The work I have done the past two seasons on Terp Farm have built a base knowledge in agriculture and sustainable 18739172_1602382476461155_8511202871340475151_opractices that I hope to apply to my studies here at the University of Maryland. After learning in high school the potential benefits of spreading sustainable agriculture projects to communities that are vastly under-served by our food system, I decided to study Environmental Science and Policy at Maryland, so as to better understand the policy side of the environmental and sustainable field. I believe that my experience working at Terp Farm has made me more knowledgeable when it comes to understanding the limitations and best practices of implementing projects similar to Terp Farm. I think those who want to fully understand a topic like sustainable agriculture would best help themselves by experiencing the difficulties of working on and supporting a farm. Farming isn’t easy, and those involved in the field face a multitude of challenges on a daily basis that would be harder to predict or comprehend if not immersed in the subject matter. For this experience from Terp Farm, I am incredibly grateful.

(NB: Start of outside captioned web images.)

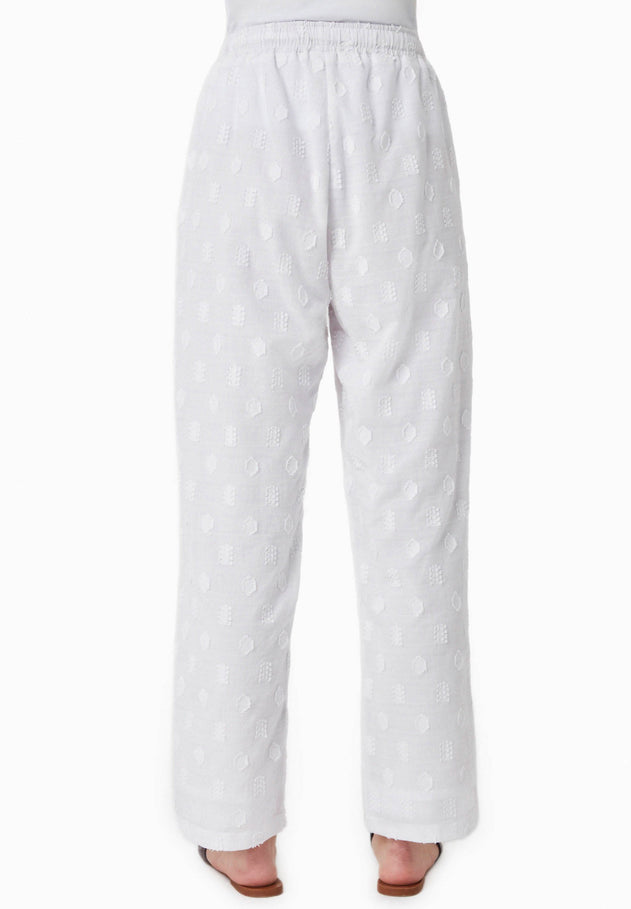 Organic Cotton Jacquard Pants White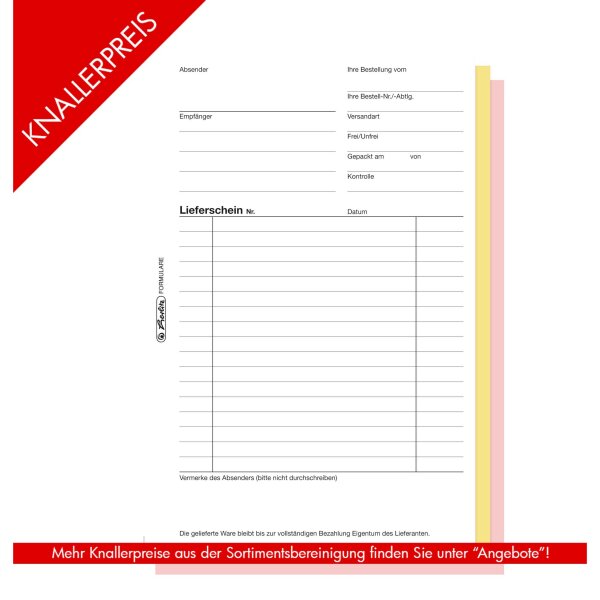 Lieferscheinbuch A5 205 3x40 Bl. selbstdurchschreibend FSC Mix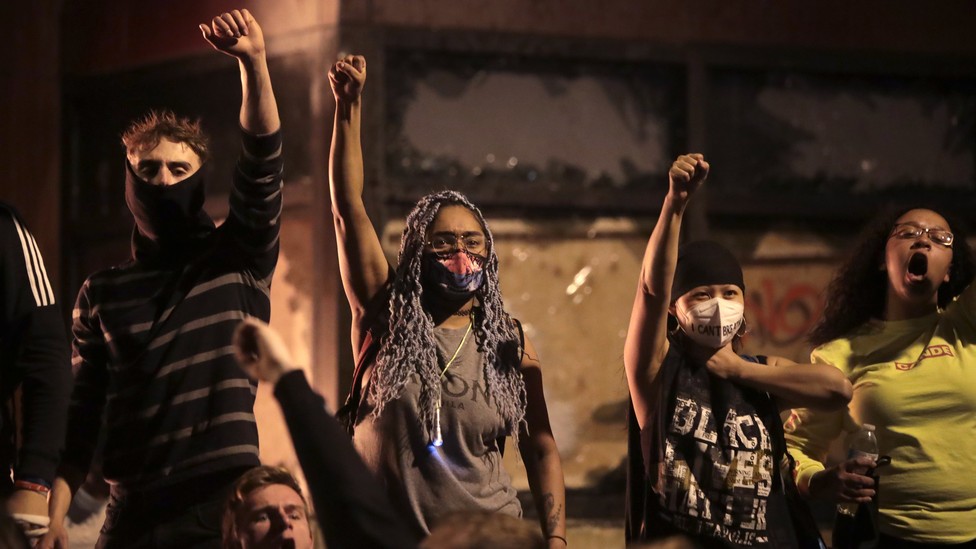 Protesters on May 28, 2020, in Minneapolis, Minnesota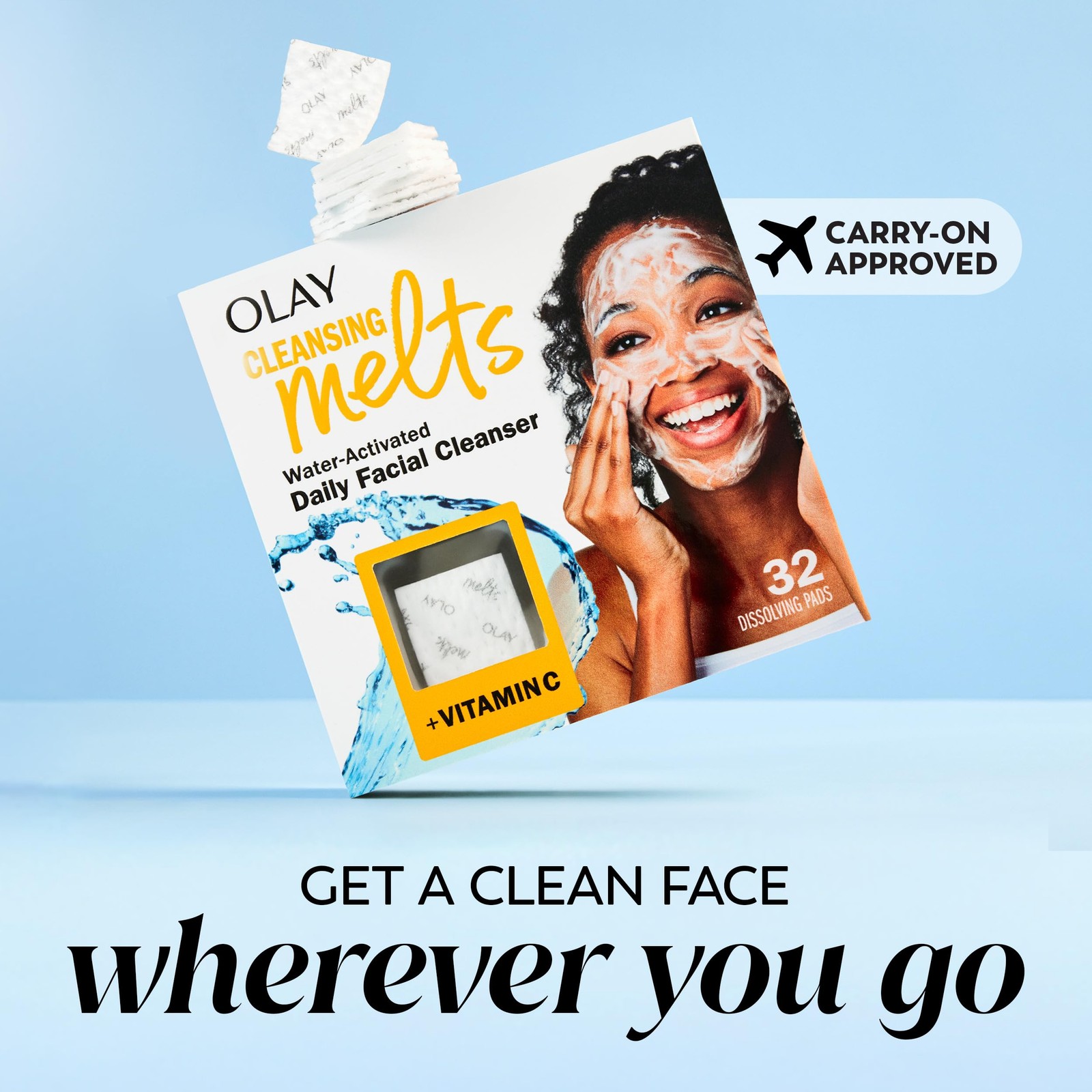 Olay Cleansing Melts Face Wash Water Activated Pad 32 Count Travel Pack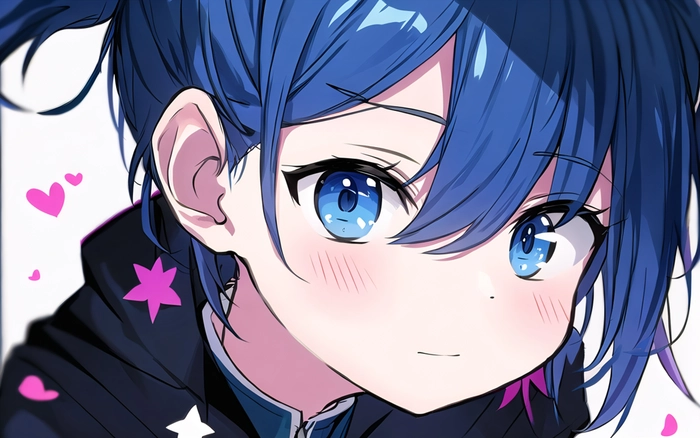 Ảnh anime boy tóc xanh dương dễ thương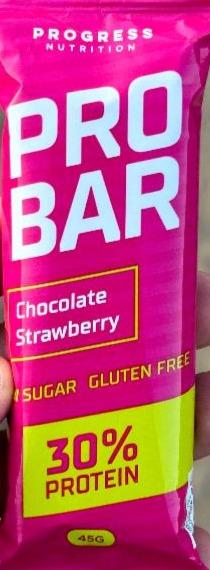 Фото - Протеїновий батончик зі смаком шоколаду та полуниці з підсолоджувачем Probar Progress nutrition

In addition to the knowledge I gained during my time on Terp Farm, I also gained practical experience that can come in handy in the future. I now know how to operate a variety of tractors, set up a solid set irrigation system on a field, and the best ways to deal with a variety of the pests you might see in your field. I also know a lot of the most important first steps to creating my own farm, and every year I spend out on a farm, I itch a little more to create one of my own. I am also glad to have met so many individuals who work with the state of Maryland to research agricultural problems and help farmers to better their farms. The University’s Agricultural Research and Education Centers provide a wealth of knowledge that I may not have known about if Terp Farm had not introduced me to the Upper Marlboro Research and Education Center and the extremely experienced individuals who work there.

Terp Farm has given me a knowledge bank to help me pursue future endeavors, it has taught me to live my life in a more sustainable way, and maybe most importantly, I got to learn how to drive a tractor! I hope every student gets to experience the benefits the project brings to campus in their own way be it visiting the farm, or just enjoying the fresh produce it brings to the dining halls.